» **EXERCISE GOAL**: Extract the records in full, leaving every picture out.

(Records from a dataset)
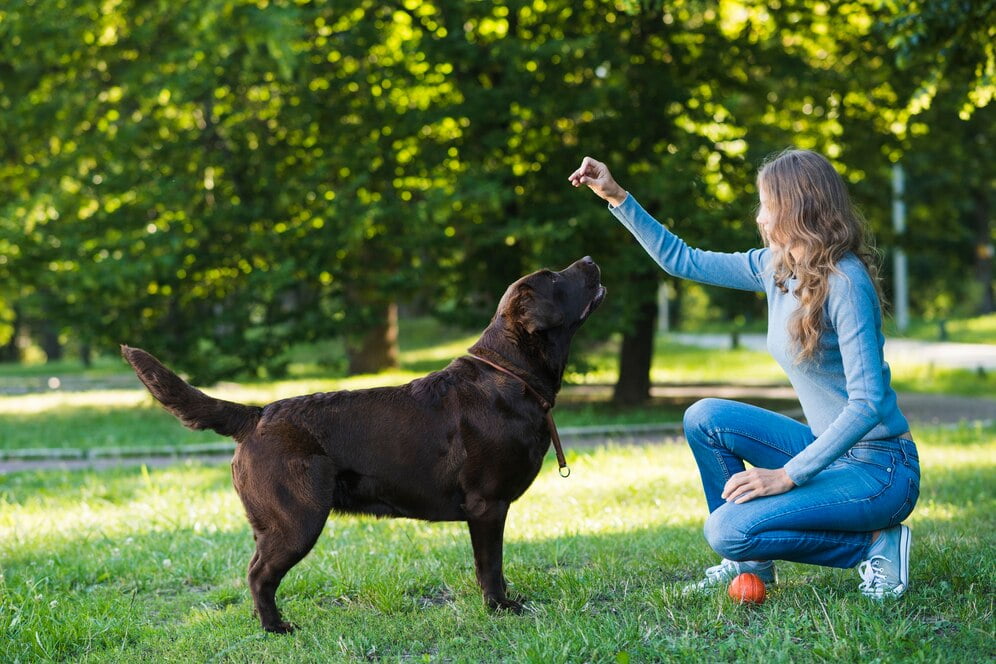 Building Strong Owner-Dog Bonds: Fostering Trust Through Training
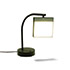 Della Rocca-Resin table lamp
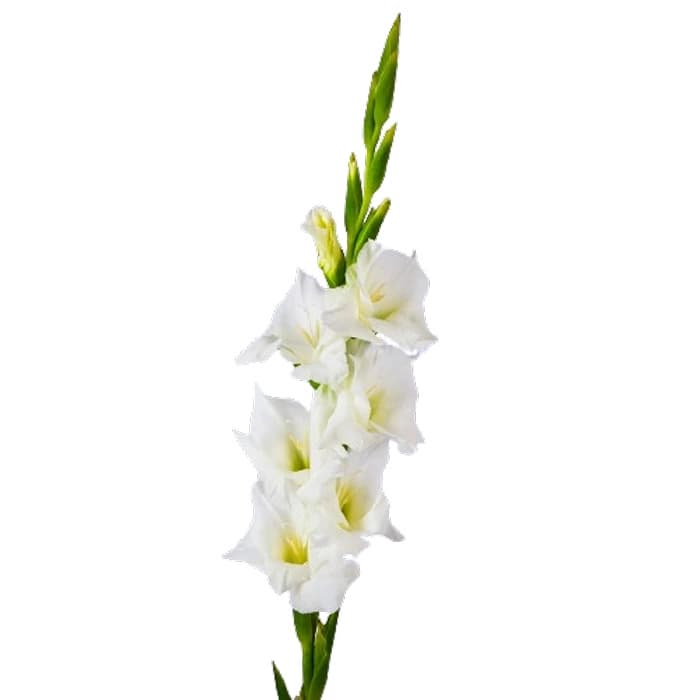 گل گلایول سفید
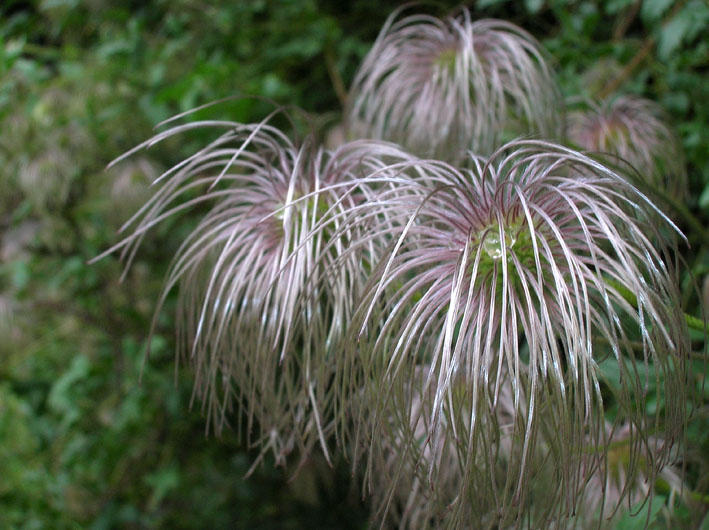 Clematis tangutica (pianta coltivata)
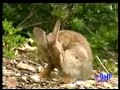 Nature: Cope with Stress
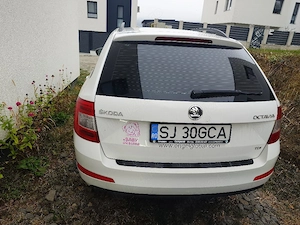 Vand - Schimb Skoda Octavia 3, 2014, 1.6TDI - imagine 3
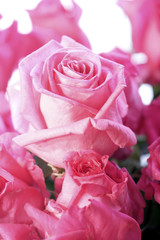 rosa rosen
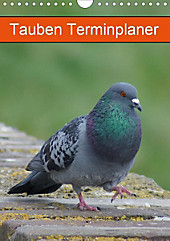 Tauben Terminplaner (Wandkalender 2020 DIN A4 hoch) - Kalender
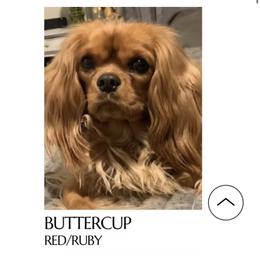 Cavalier King Charles Spaniel puppies from STARGAZER CAVALIERS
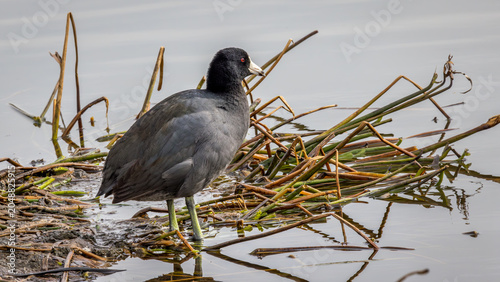 American Coot, Fulica americana at the Edge of a Pond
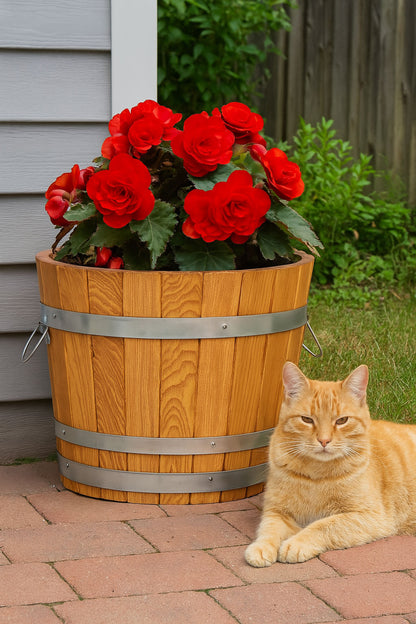 DONICZKA AKACJOWA SZEROKA DUŻA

» **RESPONSE BOX**:
 Building Strong Owner-Dog Bonds: Fostering Trust Through Training
 Della Rocca-Resin table lamp
 گل گلایول سفید
 Clematis tangutica (pianta coltivata)
 Nature: Cope with Stress
 Vand - Schimb Skoda Octavia 3, 2014, 1.6TDI - imagine 3
 rosa rosen
 Tauben Terminplaner (Wandkalender 2020 DIN A4 hoch) - Kalender
 Cavalier King Charles Spaniel puppies from STARGAZER CAVALIERS
 American Coot, Fulica americana at the Edge of a Pond
 DONICZKA AKACJOWA SZEROKA DUŻA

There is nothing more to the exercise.